(Collected data)
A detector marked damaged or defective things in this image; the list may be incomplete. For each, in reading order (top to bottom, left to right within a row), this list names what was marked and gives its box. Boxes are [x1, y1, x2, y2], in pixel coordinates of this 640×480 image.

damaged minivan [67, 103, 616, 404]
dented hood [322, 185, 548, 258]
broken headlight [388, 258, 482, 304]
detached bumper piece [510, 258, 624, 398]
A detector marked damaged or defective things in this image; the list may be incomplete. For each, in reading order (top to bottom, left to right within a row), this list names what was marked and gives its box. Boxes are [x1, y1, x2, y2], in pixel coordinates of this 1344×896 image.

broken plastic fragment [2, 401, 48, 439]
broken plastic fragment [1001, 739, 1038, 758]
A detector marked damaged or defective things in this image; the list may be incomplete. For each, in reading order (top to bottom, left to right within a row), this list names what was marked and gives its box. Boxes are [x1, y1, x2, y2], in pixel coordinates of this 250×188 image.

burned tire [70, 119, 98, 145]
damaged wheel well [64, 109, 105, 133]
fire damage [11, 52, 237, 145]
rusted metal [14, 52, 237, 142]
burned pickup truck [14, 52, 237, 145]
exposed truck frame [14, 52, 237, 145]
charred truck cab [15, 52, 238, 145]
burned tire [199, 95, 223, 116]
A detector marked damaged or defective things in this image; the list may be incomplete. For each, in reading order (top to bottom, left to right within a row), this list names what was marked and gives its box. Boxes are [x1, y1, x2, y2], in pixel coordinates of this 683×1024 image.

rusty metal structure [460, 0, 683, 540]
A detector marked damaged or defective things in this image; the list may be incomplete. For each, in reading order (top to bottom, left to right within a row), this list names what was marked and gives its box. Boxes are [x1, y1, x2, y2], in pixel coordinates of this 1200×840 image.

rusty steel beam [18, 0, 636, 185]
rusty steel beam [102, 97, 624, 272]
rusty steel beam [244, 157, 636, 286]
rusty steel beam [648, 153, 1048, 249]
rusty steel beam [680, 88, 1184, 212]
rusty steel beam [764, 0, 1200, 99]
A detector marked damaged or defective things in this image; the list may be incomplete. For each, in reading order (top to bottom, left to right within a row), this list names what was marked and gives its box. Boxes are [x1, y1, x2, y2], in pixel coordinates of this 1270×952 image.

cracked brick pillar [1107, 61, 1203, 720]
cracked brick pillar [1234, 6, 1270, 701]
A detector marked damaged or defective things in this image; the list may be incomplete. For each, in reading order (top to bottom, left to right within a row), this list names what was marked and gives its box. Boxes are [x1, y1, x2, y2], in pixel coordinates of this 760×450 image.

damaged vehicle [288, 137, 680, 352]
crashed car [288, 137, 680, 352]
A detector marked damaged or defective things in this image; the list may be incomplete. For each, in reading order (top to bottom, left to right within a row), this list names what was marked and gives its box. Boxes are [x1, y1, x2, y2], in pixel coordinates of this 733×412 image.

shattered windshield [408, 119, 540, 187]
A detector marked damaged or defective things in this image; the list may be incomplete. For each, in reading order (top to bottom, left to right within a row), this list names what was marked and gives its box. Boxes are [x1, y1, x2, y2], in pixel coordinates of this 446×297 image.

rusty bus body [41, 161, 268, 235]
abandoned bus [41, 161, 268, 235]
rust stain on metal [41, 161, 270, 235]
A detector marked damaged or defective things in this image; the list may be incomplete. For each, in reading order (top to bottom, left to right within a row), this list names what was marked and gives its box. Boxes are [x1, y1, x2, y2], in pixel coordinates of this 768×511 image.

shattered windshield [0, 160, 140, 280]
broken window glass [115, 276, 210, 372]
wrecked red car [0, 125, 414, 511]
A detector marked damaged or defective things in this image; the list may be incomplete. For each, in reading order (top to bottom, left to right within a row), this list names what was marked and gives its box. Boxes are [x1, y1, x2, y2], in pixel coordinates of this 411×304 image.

→ TASK GOAL: Exactly as they appear above, transcribe the records in full.

→ RESPONSE TO THIS EXERCISE:
A detector marked damaged or defective things in this image; the list may be incomplete. For each, in reading order (top to bottom, left to right within a row), this list names what was marked and gives its box. Boxes are [x1, y1, x2, y2], in pixel coordinates of this 640×480 image.

damaged minivan [67, 103, 616, 404]
dented hood [322, 185, 548, 258]
broken headlight [388, 258, 482, 304]
detached bumper piece [510, 258, 624, 398]
A detector marked damaged or defective things in this image; the list may be incomplete. For each, in reading order (top to bottom, left to right within a row), this list names what was marked and gives its box. Boxes are [x1, y1, x2, y2], in pixel coordinates of this 1344×896 image.

broken plastic fragment [2, 401, 48, 439]
broken plastic fragment [1001, 739, 1038, 758]
A detector marked damaged or defective things in this image; the list may be incomplete. For each, in reading order (top to bottom, left to right within a row), this list names what was marked and gives its box. Boxes are [x1, y1, x2, y2], in pixel coordinates of this 250×188 image.

burned tire [70, 119, 98, 145]
damaged wheel well [64, 109, 105, 133]
fire damage [11, 52, 237, 145]
rusted metal [14, 52, 237, 142]
burned pickup truck [14, 52, 237, 145]
exposed truck frame [14, 52, 237, 145]
charred truck cab [15, 52, 238, 145]
burned tire [199, 95, 223, 116]
A detector marked damaged or defective things in this image; the list may be incomplete. For each, in reading order (top to bottom, left to right within a row), this list names what was marked and gives its box. Boxes are [x1, y1, x2, y2], in pixel coordinates of this 683×1024 image.

rusty metal structure [460, 0, 683, 540]
A detector marked damaged or defective things in this image; the list may be incomplete. For each, in reading order (top to bottom, left to right within a row), this list names what was marked and gives its box. Boxes are [x1, y1, x2, y2], in pixel coordinates of this 1200×840 image.

rusty steel beam [18, 0, 636, 185]
rusty steel beam [102, 97, 624, 272]
rusty steel beam [244, 157, 636, 286]
rusty steel beam [648, 153, 1048, 249]
rusty steel beam [680, 88, 1184, 212]
rusty steel beam [764, 0, 1200, 99]
A detector marked damaged or defective things in this image; the list may be incomplete. For each, in reading order (top to bottom, left to right within a row), this list names what was marked and gives its box. Boxes are [x1, y1, x2, y2], in pixel coordinates of this 1270×952 image.

cracked brick pillar [1107, 61, 1203, 720]
cracked brick pillar [1234, 6, 1270, 701]
A detector marked damaged or defective things in this image; the list may be incomplete. For each, in reading order (top to bottom, left to right within a row), this list names what was marked and gives its box. Boxes are [x1, y1, x2, y2], in pixel coordinates of this 760×450 image.

damaged vehicle [288, 137, 680, 352]
crashed car [288, 137, 680, 352]
A detector marked damaged or defective things in this image; the list may be incomplete. For each, in reading order (top to bottom, left to right within a row), this list names what was marked and gives its box. Boxes are [x1, y1, x2, y2], in pixel coordinates of this 733×412 image.

shattered windshield [408, 119, 540, 187]
A detector marked damaged or defective things in this image; the list may be incomplete. For each, in reading order (top to bottom, left to right within a row), this list names what was marked and gives its box. Boxes are [x1, y1, x2, y2], in pixel coordinates of this 446×297 image.

rusty bus body [41, 161, 268, 235]
abandoned bus [41, 161, 268, 235]
rust stain on metal [41, 161, 270, 235]
A detector marked damaged or defective things in this image; the list may be incomplete. For each, in reading order (top to bottom, left to right within a row), this list names what was marked and gives its box. Boxes are [x1, y1, x2, y2], in pixel coordinates of this 768×511 image.

shattered windshield [0, 160, 140, 280]
broken window glass [115, 276, 210, 372]
wrecked red car [0, 125, 414, 511]
A detector marked damaged or defective things in this image; the list may be incomplete. For each, in reading order (top to bottom, left to right within a row), this list names what was marked and gives its box. Boxes are [x1, y1, x2, y2], in pixel coordinates of this 411×304 image.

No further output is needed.